__REQUIRED ACTION__: Take the lines below between the one holding "LeisureMod Tule 7-Piece" and the one holding "Sonic Blue Crewneck Cozy Pullover by Birdie", inclusive, and copy them exactly. Add nothing.

-- DATA SHOWN follows --

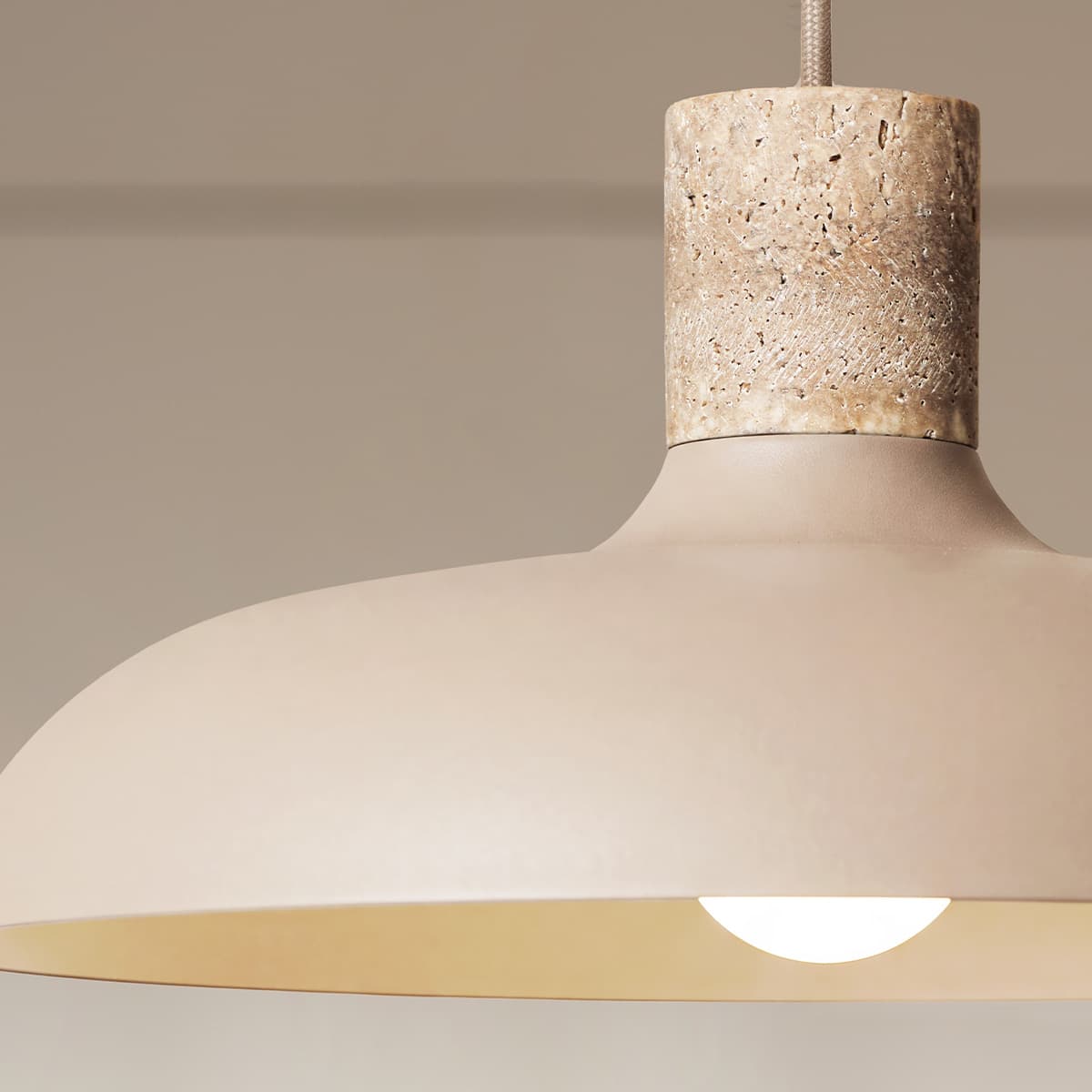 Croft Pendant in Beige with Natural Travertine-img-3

-- DATA SHOWN concluded --
-- DATA SHOWN follows --

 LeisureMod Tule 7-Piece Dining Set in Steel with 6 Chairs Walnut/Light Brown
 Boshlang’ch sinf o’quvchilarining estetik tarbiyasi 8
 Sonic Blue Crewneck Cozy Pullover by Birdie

-- DATA SHOWN concluded --

__ANSWER TO THE PROBLEM__:
 LeisureMod Tule 7-Piece Dining Set in Steel with 6 Chairs Walnut/Light Brown
 Boshlang’ch sinf o’quvchilarining estetik tarbiyasi 8
 Sonic Blue Crewneck Cozy Pullover by Birdie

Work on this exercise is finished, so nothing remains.